Watercolor Travel Kit Guide: Palettes, Colors, and What to Pack
What goes into a truly useful watercolor travel kit? That question has a different answer depending on whether you paint plein air landscapes, quick urban sketches, or detailed botanical studies on the road. The core challenge is finding a travel watercolor palette that holds enough color range to cover most subjects without weighing down your bag. You also want to think carefully about watercolor palette colors before you fill any pan set, because the pigments you choose matter as much as the container.
This guide covers everything from choosing a porcelain watercolor palette to selecting a watercolor travel palette that fits your practice. By the end, you’ll have a clear picture of what a well-stocked watercolor travel kit actually looks like in use.
Choosing the Right Travel Watercolor Palette Container
Porcelain Watercolor Palette Options
A porcelain watercolor palette is the gold standard for mixing surfaces. Porcelain does not absorb pigment, cleans completely with a damp cloth, and lets you see true color without a yellow or grey cast. The downside for travel is weight. A full porcelain watercolor palette with twelve or more wells can be heavy enough to make your bag noticeably heavier after a full day of walking.

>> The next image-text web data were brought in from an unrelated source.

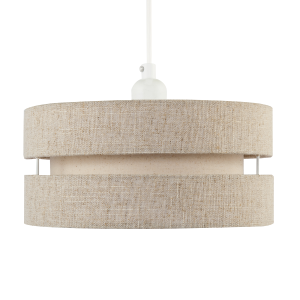 Modern Natural Textured Oatmeal Linen Triple Tier Pendant Light Shade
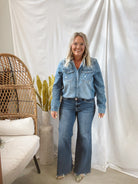 Risen Distressed Denim Shirt-Long Sleeve Tops-risen-The Silo Boutique, Women's Fashion Boutique Located in Warren and Grand Forks North Dakota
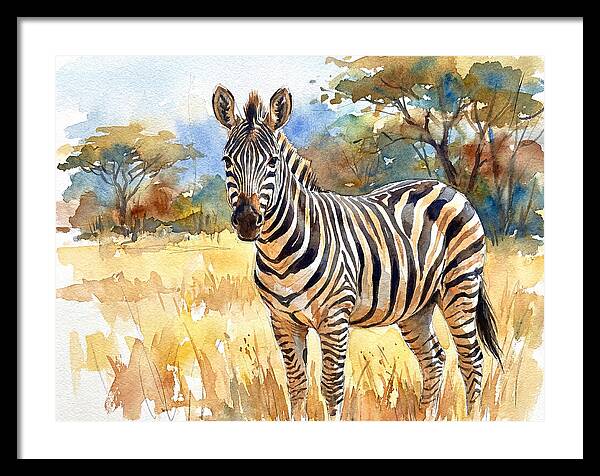 Zebra In Golden Grasslands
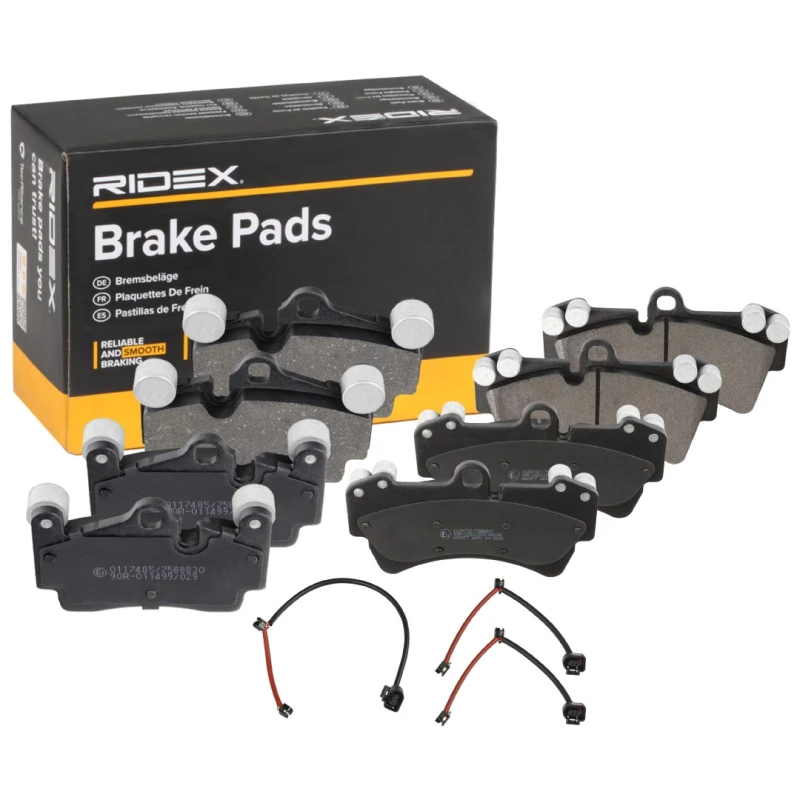 Image of RIDEX 402B1764 Brake pad set Rear Axle both sides, prepared for wear warning indicator Brake Pad Set,disc brake (402)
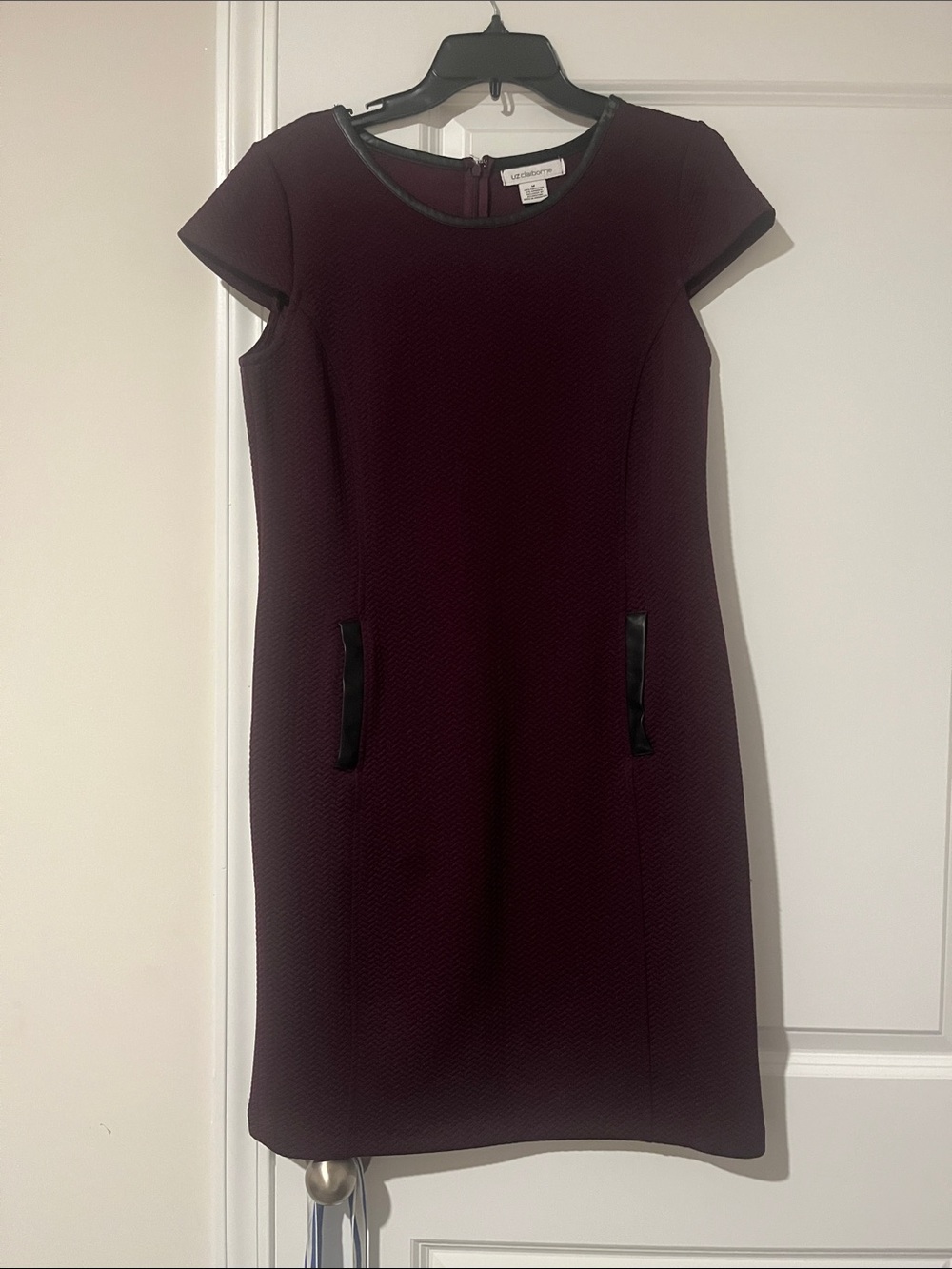 Liz Claiborne Plum Sheath Dress with Faux-Leather Trim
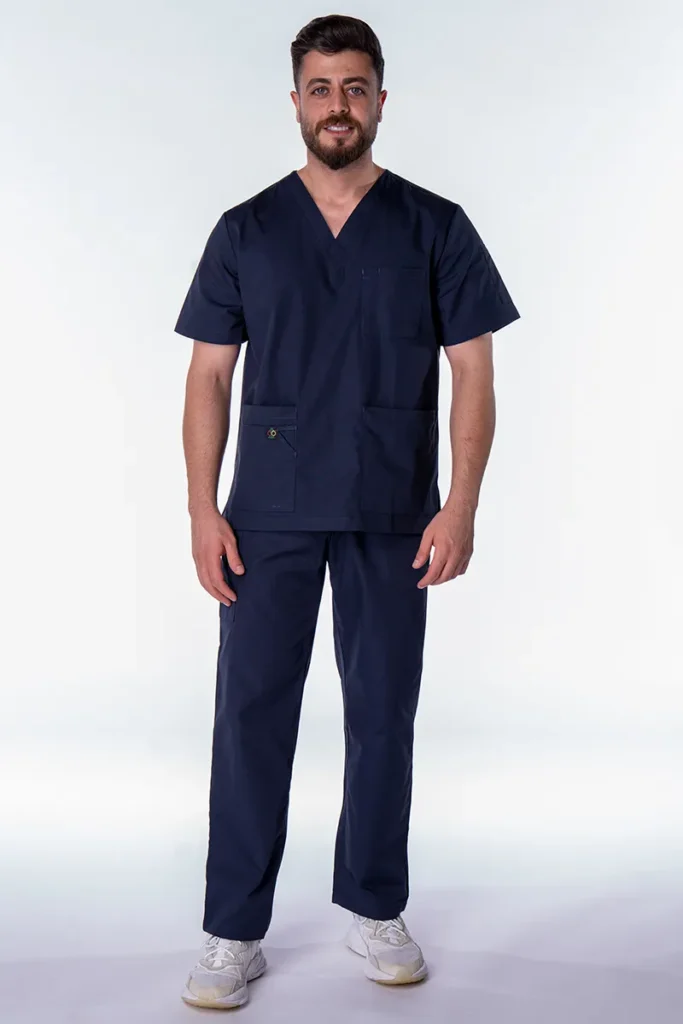 male navy scrub top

Smaller porcelain options exist specifically for travel. A half-pan porcelain tray with six to eight wells sits flat in a sketchbook bag and still gives you a clean mixing surface. Combine a small porcelain mixing dish with a plastic half-pan travel case to get the best of both worlds.
Plastic and Metal Travel Cases
Most dedicated travel watercolor palette products are made from plastic or anodized aluminum. Plastic is lightweight and cheap but can stain with heavily pigmenting colors like phthalo blue or viridian. Metal cases are more durable and slightly heavier. Both types usually fold open to reveal a mixing lid, which is a practical design that doubles your usable mixing surface without adding size to your watercolor travel palette.
Look for half-pan cases over full-pan cases in a watercolor travel kit. Half pans hold the same pigment mass as a tube squeeze but take up less horizontal space, allowing more colors in a compact footprint.
Selecting Watercolor Palette Colors for Travel
A Minimal but Complete Color Range
The ideal watercolor palette colors for travel cover the full spectrum with as few pans as possible. A twelve-pan set can handle most subjects if you choose well. A warm yellow, a cool yellow, a warm red, a cool red, a warm blue, a cool blue, a neutral earth tone, and one or two useful greens or earth mixes will take you far.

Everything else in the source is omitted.